From what I've come to understand about TV tuners, you need a dedicated cable (coax) line, correct? We already have the maximum number of cable boxes in our house, so that wouldn't be an option. We have Comcast, basic digital cable (we get HBO, and a bunch of the 100/200 range channels, but no HD).

With that in mind, is it possible to split the coax cable (either before or after the cable box)?? It would be awesome to take advantage of TV tuner capablities (recording one show while watching another), but I'd be almost just as happy to use the computer as a VCR, basically...

Our TV has available component (not HD), s-video, and composite inputs, and the cable box has only composite out (other than coax, which goes to TV). If we can't split the coax cable, I assume we'll have to come out of the cable box with composite, in which case I wouldn't want to shell out a lot of cash for such a low-video-quality device......

Recommendations? Thoughts??
Thanks!

-ADW


PS To clarify, I'm not too concerned about using the computer as a tuner, per se, as much as I'd like to just record programs.
 
You can use a good cable splitter but also suffer the signal as a result when placing that before the box. The cable here sees a 3way splitter where instead of the tuner card a vcr takes over for tuning simply using the analog inputs for the time being.

The second goes to a tv set for all of the basic channels while the 3rd goes out to the box itself patched indirectly back through another vcr for recording movies while watching a basic channel.
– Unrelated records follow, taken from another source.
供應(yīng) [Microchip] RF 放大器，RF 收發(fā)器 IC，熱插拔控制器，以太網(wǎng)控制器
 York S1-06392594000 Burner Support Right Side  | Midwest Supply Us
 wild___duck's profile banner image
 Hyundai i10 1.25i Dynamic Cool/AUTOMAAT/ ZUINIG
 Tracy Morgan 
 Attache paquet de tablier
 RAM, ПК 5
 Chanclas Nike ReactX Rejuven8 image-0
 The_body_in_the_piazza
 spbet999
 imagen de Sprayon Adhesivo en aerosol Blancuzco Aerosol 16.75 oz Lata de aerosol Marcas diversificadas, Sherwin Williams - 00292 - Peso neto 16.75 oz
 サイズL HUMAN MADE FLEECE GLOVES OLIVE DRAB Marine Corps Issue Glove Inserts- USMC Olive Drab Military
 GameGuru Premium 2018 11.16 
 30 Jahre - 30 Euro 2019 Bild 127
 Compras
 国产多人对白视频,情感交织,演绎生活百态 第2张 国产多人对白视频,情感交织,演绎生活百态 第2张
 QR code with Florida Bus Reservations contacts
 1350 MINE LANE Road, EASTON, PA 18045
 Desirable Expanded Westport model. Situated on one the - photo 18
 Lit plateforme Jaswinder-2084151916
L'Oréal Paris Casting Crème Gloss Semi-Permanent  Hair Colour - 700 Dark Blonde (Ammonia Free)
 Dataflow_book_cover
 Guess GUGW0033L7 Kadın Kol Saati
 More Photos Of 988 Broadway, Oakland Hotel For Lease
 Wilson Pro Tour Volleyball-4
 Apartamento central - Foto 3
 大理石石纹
Most pc tuner card easily have their own PVR program in the software for them.
 
Considering we already have lousy standard def cable, I wouldn't be crazy about losing video quality, by splitting the cable. Are there any video cards that could accept a crummy composite video input... and still record TV programs?? Although in that case we'd need to connect audio via a different method, maybe splitting the cable is the only plausible solution.
 
One thing besides looking at the DVI in seen on the newer HD capable cards out is a separate rv tuner or video capture card and then putting a vcr or other device seeing analog inputs inline. You patch the vcr with it's own recorder to the pci card you add in. In other the tuner card is simple used as an input adapter.

For basic cable and analog camcorders I have a vcr setup here for either viewing taped shows, reports, or for patching video indirectly with an expansion card. Even with a good spltter and I mean "GOOD" splitter the cable installer provided you still see a half way decent picture. The additional cabling is the main hassle running that around more then anything else there.